Fossil Record and Early Life

  1. How does the fossil record provide evidence for evolution?
    It shows changes in species over time and reveals extinct organisms.

  2. Why are sedimentary rocks important for fossils?
    They preserve layers of past life in strata.

  3. What types of organisms are most likely to fossilize?
    Those that were abundant, had hard parts (e.g., shells, bones), and existed for long periods.

  4. What are stromatolites?
    Layered structures formed by photosynthetic bacteria, among the oldest known fossils.

  5. Why were prokaryotes Earth’s only inhabitants for 1.5 billion years?
    Because complex eukaryotic life had not yet evolved.

The Oxygen Revolution

  1. What is the main source of atmospheric oxygen?
    Photosynthetic organisms, especially cyanobacteria.

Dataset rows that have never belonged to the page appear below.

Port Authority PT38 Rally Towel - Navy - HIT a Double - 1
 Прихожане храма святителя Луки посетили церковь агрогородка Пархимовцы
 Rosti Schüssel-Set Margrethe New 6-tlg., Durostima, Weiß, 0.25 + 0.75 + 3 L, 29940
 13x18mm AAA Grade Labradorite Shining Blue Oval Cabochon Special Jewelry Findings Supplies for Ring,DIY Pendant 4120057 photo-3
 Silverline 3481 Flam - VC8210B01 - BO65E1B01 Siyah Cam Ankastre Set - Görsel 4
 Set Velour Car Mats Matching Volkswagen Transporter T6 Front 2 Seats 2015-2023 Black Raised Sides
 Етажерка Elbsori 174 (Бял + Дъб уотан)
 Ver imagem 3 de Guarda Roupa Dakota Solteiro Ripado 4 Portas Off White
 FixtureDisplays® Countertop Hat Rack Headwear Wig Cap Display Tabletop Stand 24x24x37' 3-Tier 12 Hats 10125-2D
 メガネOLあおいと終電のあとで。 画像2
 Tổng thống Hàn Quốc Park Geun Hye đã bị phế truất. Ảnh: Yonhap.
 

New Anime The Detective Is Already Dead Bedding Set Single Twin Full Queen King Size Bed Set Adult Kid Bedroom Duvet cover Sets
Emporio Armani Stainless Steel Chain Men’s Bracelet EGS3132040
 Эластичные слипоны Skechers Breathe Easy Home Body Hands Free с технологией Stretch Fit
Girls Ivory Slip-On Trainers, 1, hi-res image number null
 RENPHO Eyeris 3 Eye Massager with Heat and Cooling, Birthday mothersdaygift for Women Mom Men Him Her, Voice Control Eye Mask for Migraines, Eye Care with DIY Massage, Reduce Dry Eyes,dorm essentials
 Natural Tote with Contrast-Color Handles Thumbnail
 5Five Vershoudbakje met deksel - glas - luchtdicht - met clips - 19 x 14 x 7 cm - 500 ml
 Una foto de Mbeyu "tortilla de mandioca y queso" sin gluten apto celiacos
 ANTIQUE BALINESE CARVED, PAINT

  2. How did photosynthesis lead to an oxygen increase in Earth’s atmosphere?
    Cyanobacteria released oxygen as a byproduct of photosynthesis.

  3. What was the oxygen revolution?
    A period (2.7–2.4 billion years ago) when atmospheric oxygen levels drastically increased.

  4. How did the oxygen revolution affect early prokaryotes?
    Many anaerobic species went extinct, while others adapted to use oxygen.

  5. Why is oxygen toxic to some organisms?
    It can damage biological molecules through oxidation.

  6. How did some prokaryotes survive the oxygen revolution?
    By evolving aerobic respiration or remaining in anaerobic environments.

The First Eukaryotes and Endosymbiosis

  1. When did the first eukaryotic cells appear?
    About 1.8 billion years ago.

  2. What are key features of eukaryotic cells?
    Nuclear envelope, mitochondria, endoplasmic reticulum, and cytoskeleton.

  3. What is endosymbiosis?
    A process where one cell engulfs another, leading to a symbiotic relationship.

  4. How did mitochondria originate?
    From aerobic prokaryotes that were engulfed by larger cells.

  5. What is an endosymbiont?
    A cell living inside another cell in a mutually beneficial relationship.

  6. Why did early host cells benefit from endosymbionts?
    They could use oxygen more efficiently for energy production.

  7. What is serial endosymbiosis?
    The theory that mitochondria evolved before plastids through multiple endosymbiotic events.

  8. How do mitochondria and plastids provide evidence for endosymbiosis?
    They have bacterial-like DNA, ribosomes, and reproduce independently within cells.

  9. How do mitochondria and plastids resemble bacteria?
    They have double membranes and divide like bacteria.

Multicellularity

  1. How does multicellularity benefit organisms?
    It allows for specialization and division of labor among cells.

  2. What lineages evolved due to multicellularity?
    Plants, fungi, algae, and animals.

  3. How did yeast demonstrate multicellular evolution in Lenski’s study?
    Single-celled yeast developed multicellular clusters under selective conditions.

  4. How does cell specialization contribute to multicellular life?
    It allows different cells to perform unique functions efficiently.

  5. Why did multicellularity lead to an increase in biodiversity?
    It enabled more complex body structures and ecological roles.